Yo tuve un profesor muy parecido al Crooker-Harris de La versión Browning. No enseñaba griego, ni literatura clásica, sino matemáticas del bachillerato. Todo aquel galimatías alfanumérico que la mayoría hemos olvidado por completo, pero que tal vez nos ayudó a estructurar el pensamiento, a asfaltar carreteras en el cerebro. Los alumnos de Crooker-Harris, en la película, sospechan que la gramática griega o la venganza de Clitemnestra también van a evaporarse de su recuerdo, así que asisten a las clases con la desidia improductiva de quien sólo está allí por obligación, para ir cumpliendo el expediente académico. No tienen mucha esperanza en que tales rollos alimenten algún tipo de madurez o entendimiento en el futuro.

    Crooker-Harris, en algún momento de su vocación vigorosa, tal vez fue un profesor entusiasta que se creía capaz de transmitir su pasión por los clásicos. Pero tal propósito, y tal actitud, si alguna vez existieron, hace ya tiempo que se fueron por la cloaca de la rutina. En su lugar ha quedado una actitud hosca, casi hostil, de profesor hueso que señala los errores con saña y deja pasar los aciertos sin apenas desgastar los adjetivos. Los alumnos le temen, pero en el fondo le desprecian, y a él, por su parte, hace ya mucho tiempo que sus alumnos se la refanfinflan. Hasta que aparece este chaval, Taplow, que de algún modo inexplicable lo admira, y ve en él lo que los demás ya ni buscan, y un buen día le regala la versión Browning del Agamenón de Esquilo, y el profesor hijoputa, el Hitler de las aulas, el apodado vasija por aquello de los griegos, se deshace en lágrimas como un chiquillo, y se le cae la máscara al suelo, y en su lugar queda el profesor desolado, arrepentido de su proceder, amargado de su carrera ya sin solución.

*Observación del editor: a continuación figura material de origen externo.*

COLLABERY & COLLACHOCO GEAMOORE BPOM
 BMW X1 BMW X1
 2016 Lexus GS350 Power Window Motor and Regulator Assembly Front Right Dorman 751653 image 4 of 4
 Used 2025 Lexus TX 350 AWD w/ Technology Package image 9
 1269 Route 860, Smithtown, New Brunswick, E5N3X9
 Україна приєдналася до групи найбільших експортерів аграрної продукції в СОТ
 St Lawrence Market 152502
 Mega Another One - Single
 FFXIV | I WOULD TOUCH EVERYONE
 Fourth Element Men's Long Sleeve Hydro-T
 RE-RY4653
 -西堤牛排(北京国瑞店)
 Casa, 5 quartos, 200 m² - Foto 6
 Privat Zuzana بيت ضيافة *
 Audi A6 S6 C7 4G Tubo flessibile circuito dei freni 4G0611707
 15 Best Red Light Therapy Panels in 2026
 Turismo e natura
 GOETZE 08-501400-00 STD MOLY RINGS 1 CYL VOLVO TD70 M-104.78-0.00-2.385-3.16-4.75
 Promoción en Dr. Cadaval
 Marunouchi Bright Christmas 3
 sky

    Nuestro Crooker-Harris del colegio Marista también era un tipo hiriente, a veces ofensivo, parco en alabanzas y generoso en ofensas. Estricto, exigente, implacable. Un tipo esculpido en metal, robótico, con cables en lugar de las venas. Nos daba miedo de verdad. Pero un día, al final del curso, con la asignatura ya cumplimentada y las calificaciones ya decididas, sin que nadie le regalara la versión Browning de algún tratado matemático,  nuestro Crooker-Harris nos llevó a la sala de audiovisuales para enseñarnos cuál era su pasión verdadera: no el álgebra, ni la aritmética, ni la tortura infantil, sino el rock americano de los años 50 y 60: Elvis Presley, y B.B. King, y Jerry Lee Lewis. Nos puso varios discos, nos animó a seguir la música, nos dio nociones básicas sobre el nacimiento del rock and roll... Y sonrió. Era su modo -indirecto, timorato- de pedir perdón por un curso entero de puteo sistemático. Tal vez la confesión de una carencia, de un carácter incorregible. Una manera de reconocer su mala pedagogía.